Two predominant ethnic groups, the Sinhalese and the Tamils, whose members are Hindu, Muslim, and Christian, wrestled over questions of “who gets to be in the majority, who has rights, and who gets to be seen as Sri Lankan,” she said. This, in broad terms, was the basis for the civil war that began in earnest several decades later. Because the conflict was primarily driven by ethnic divisions, added Bauman, Christians were not necessarily implicated on one side or the other.
This history matters, because it makes Christians unlikely targets. Instead, the attackers may have bombed churches, along with public sites like hotels, because these sites are associated with the West. “In general, I would say that Christianity in Sri Lanka suffers under the stigma of a historical connection with colonialism,” Bauman said. “It’s always easy for opponents of Christianity to tar them in that way, and also, recently, with their association with the power and wealth of Western Christians.”
The attackers may have also associated Christians with the ruling forces in Sri Lanka. Despite violence that is sometimes directed against Christians, especially in new churches planted by missionaries, leaders of the Sri Lankan Catholic Church have attempted to avoid conflicts with the Buddhist majority, often by trying to support their political agenda, Timothy Shah, the director of the South and Southeast Asia action team at the Religious Freedom Institute, told me. “The Catholic Church is a very powerful element of the cultural, religious, and political establishment of Sri Lanka, going back to the time of Portuguese colonial rule,” he said. And yet, Christians, along with the country’s Muslim minority, have long been marginalized by the Sinhalese Buddhist majority. “They’re both portrayed … as foreign religions that don’t have deep indigenous roots in Sri Lanka,” Bauman said. “They’re both considered a threat because of their alleged growth,” ostensibly driven by birthrates and proselytism. In the eyes of Buddhist leaders, this could upset the country’s demographics and displace the Sinhalese majority.
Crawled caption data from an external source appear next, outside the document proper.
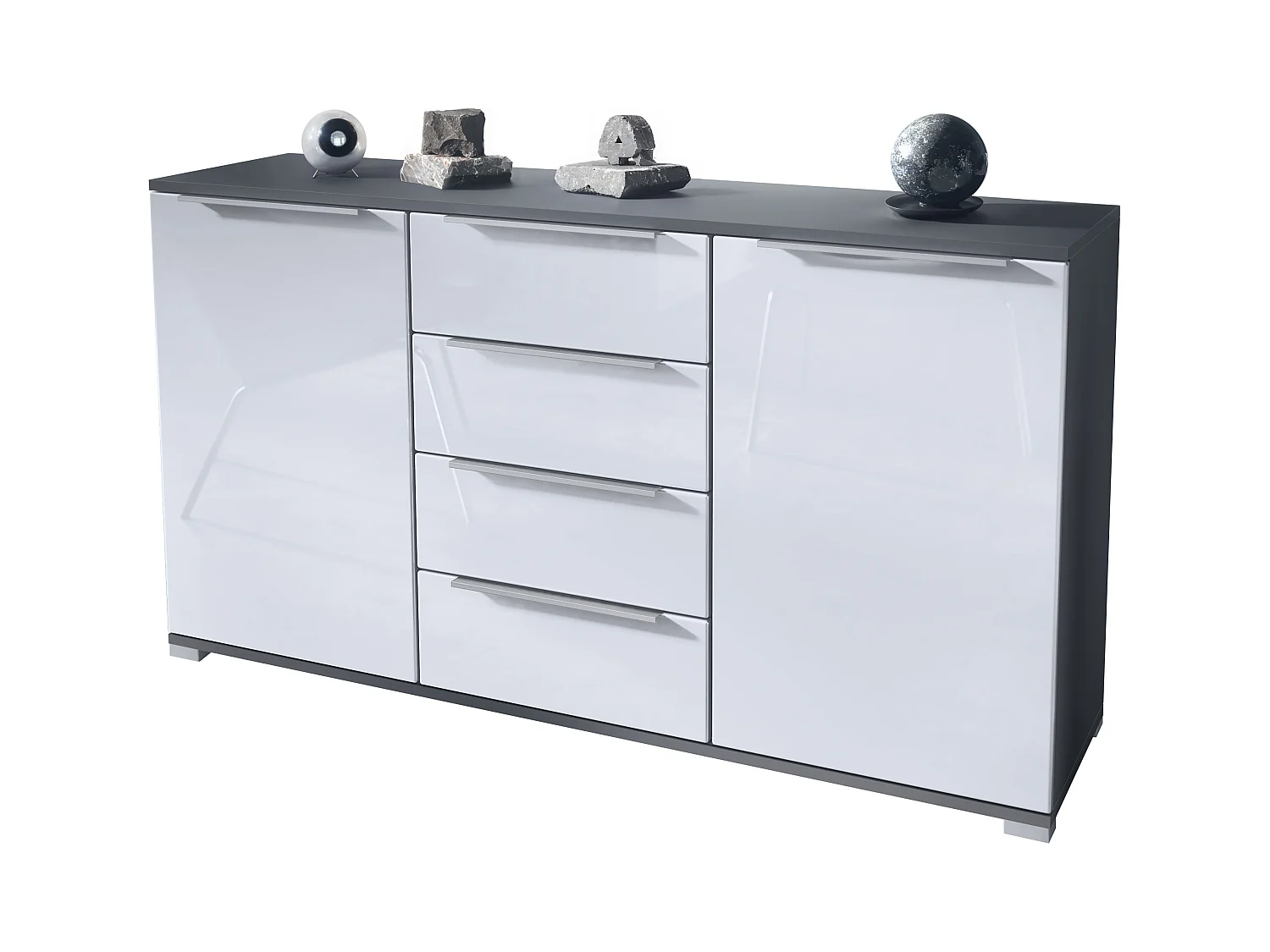 Aparador Linio V1, Mueble con 2 puertas y 4 cajones, antracita mate / blanco de alto brillo (138,5 x 75,5 x 35 cm)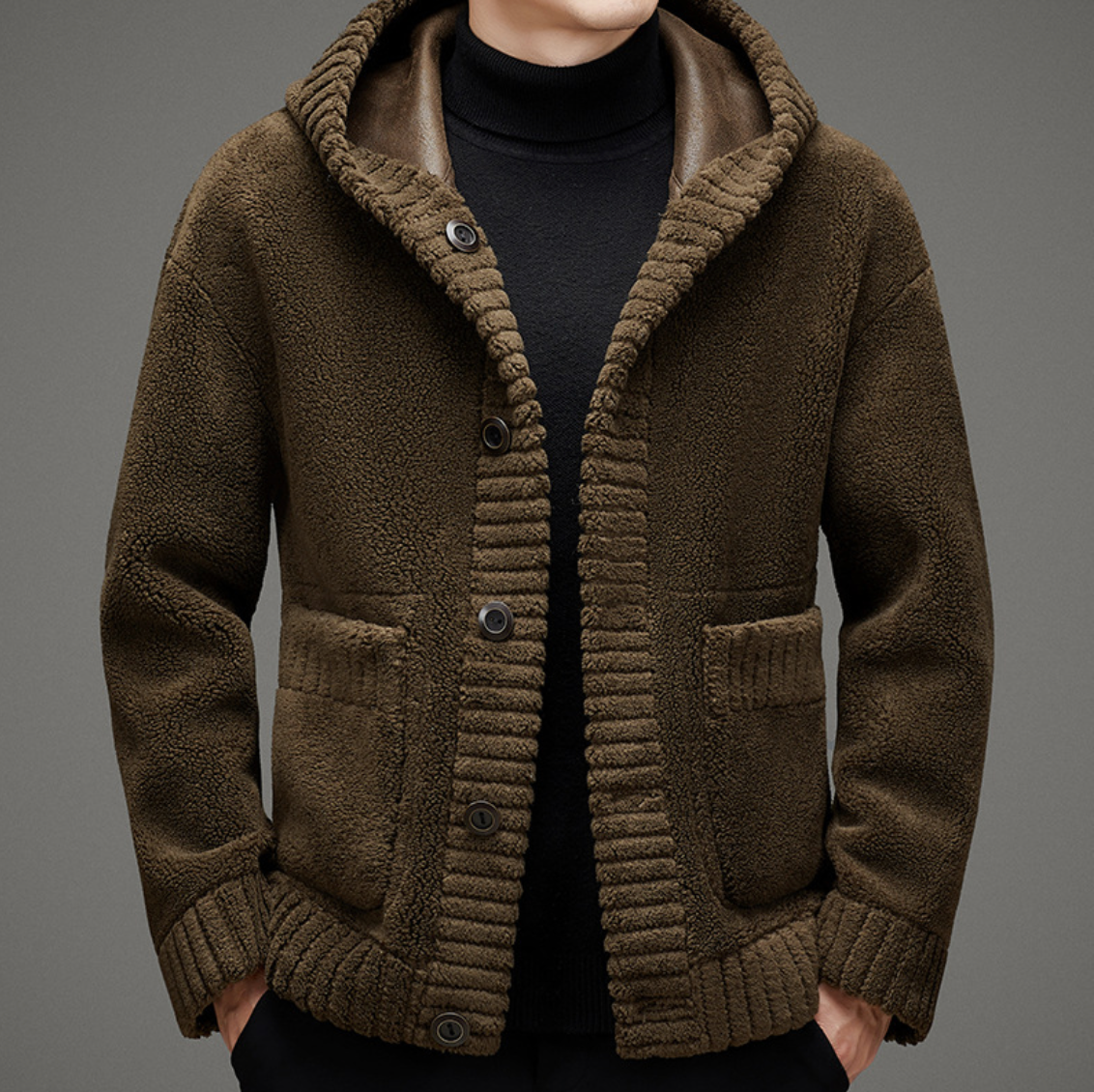 THICK REVERSIBLE SHEARLING COAT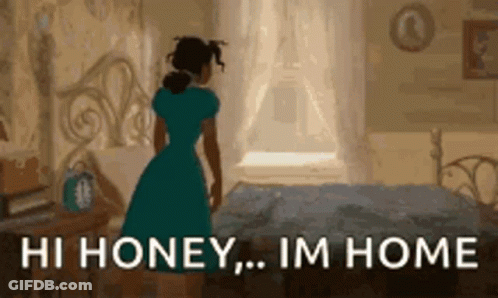 Woman In Blue Dress Says Hi Honey Im Home GIF
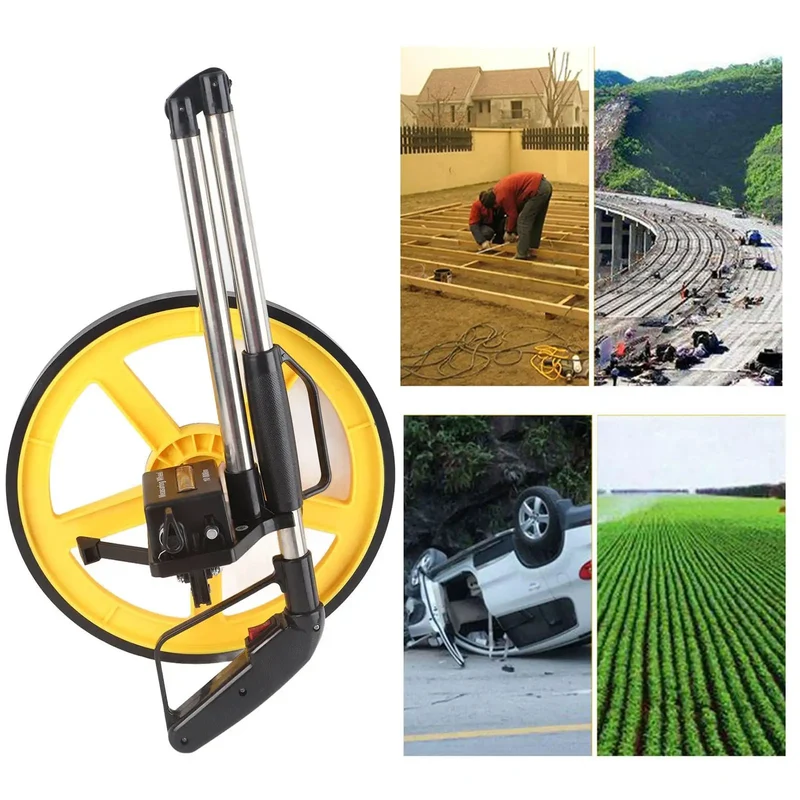 Straight Up Heavy Duty Mechanical Measuring Wheel For Big League Distance Tracking On Any Job Site With No Sweat Ease Of Use Bright Led Dial Counter And Quick Fold Handle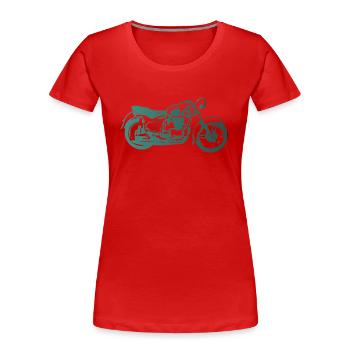 DDR Motorrad Sport AWO - Frauen Premium Bio T-Shirt - Rot - Vorne - Mia (176cm)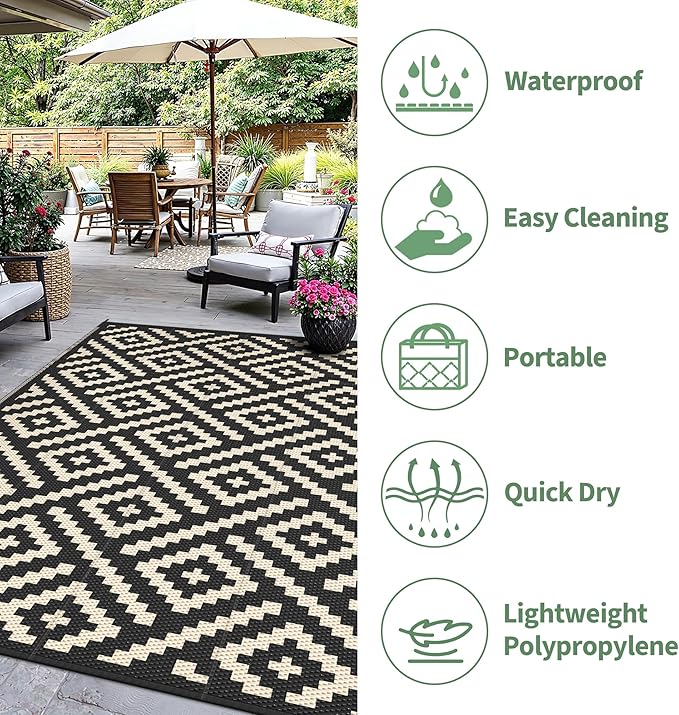 Outdoor Rug for Patio - Waterproof Plastic Straw Camping Rugs 6x9 ft, Reversible Outdoor Indoor RV Mat Carpet for Patio, Porch, Deck, Balcony, Picnic, Beach, Black Beige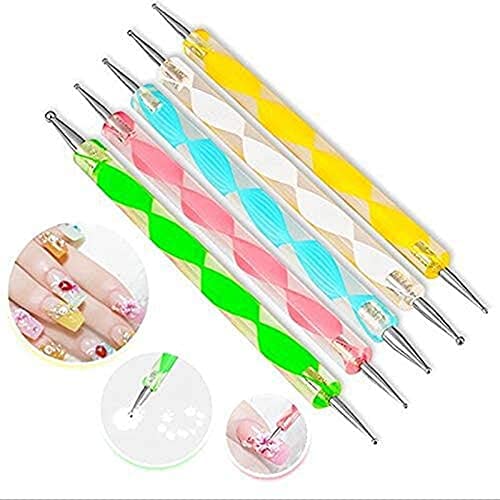 LA VENUST 5-Piece Nail Art Dotting & Marbleizing Tool Pen Set for Professional Nail Decoration and Stamping - Perfect for Salon, Home Manicures & DIY Nail Designs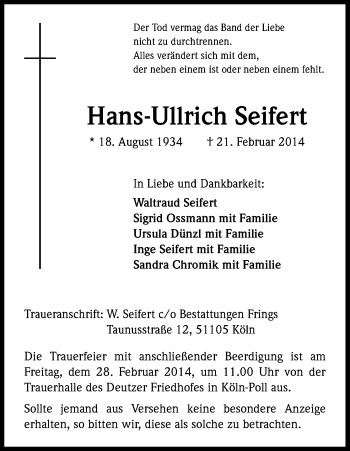 Anzeige von Hans-Ullrich Seifert von Kölner Stadt-Anzeiger / Kölnische Rundschau / Express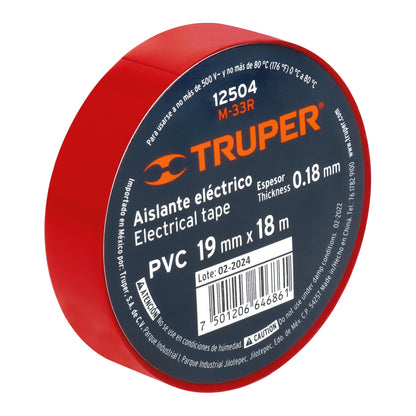 Cinta de aislar de 18 m x 19 mm, roja, Truper - CÓDIGO: 12504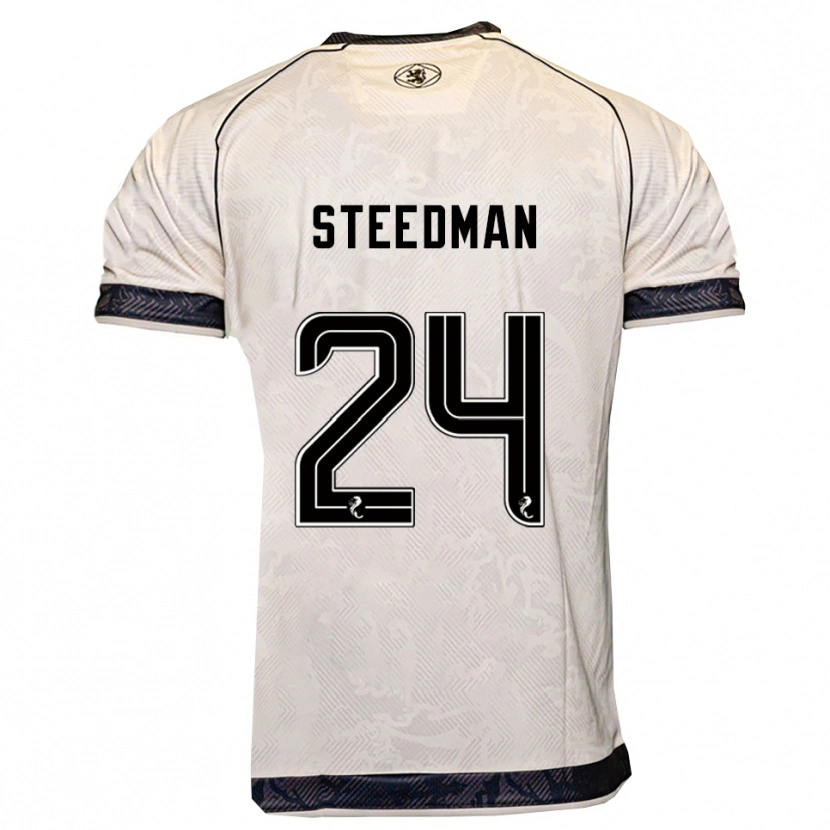 Danxen Kvinder Laura Steedman #24 Hvid Sort Udebane Spillertrøjer 2025/26 Trøje T-Shirt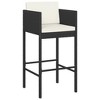 vidaXL Patio Bar Set with Cushions Table and Stool Outdoor Black Poly Rattan - 3 of 4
Although Christians have not been blamed for attacks against other religious minorities, the country’s general atmosphere of religious repression may have created a ripe environment for this kind of attack. In 2018, a mob—allegedly incited by extremist Sinhalese Buddhist monks—destroyed Muslim businesses and homes, as well as a mosque, in the central district of Kandy. “Probably the most important driver of religious terrorism in the world today is religious persecution. Almost all religious terrorism in the world springs from countries where there are high levels of religious repression,” Shah said. “The choice of the churches and the hotels suggests that part of what this group was thinking is, We’re going to target a West that is indifferent or hostile to Muslim interests.”
The group that is currently being blamed for the attack, the National Thowheeth Jama’ath, was previously only known for desecrating Buddhist statues. Sri Lankan investigators have not shared much tangible evidence about the motivations behind the attack, and it will be complicated to interpret any allegations they make given the government’s historical involvement in religious repression. ISIS’ claim of responsibility, if verified, may have changed the context of the attacks. The bombings are part of two narratives of violence. One is a local story of ethno-religious conflict, rooted in Sri Lanka’s complicated history of colonialism and civil war. The other is a transnational pattern of Islamist violence carried out against Christians and the West, in which past attacks in places thousands of miles away, like Christchurch, are imagined as part of the same narrative.
It’s only been two years since the Easter Sunday bombings at two Egyptian Coptic Christian churches that killed and injured dozens. Just a few years before that, Christians in Nigeria were killed on Easter by a suicide bomb. Easter is supposed to be a time of celebration, when Christians around the world gather to proclaim that Christ rose from the grave. Instead, it has become an anniversary of death.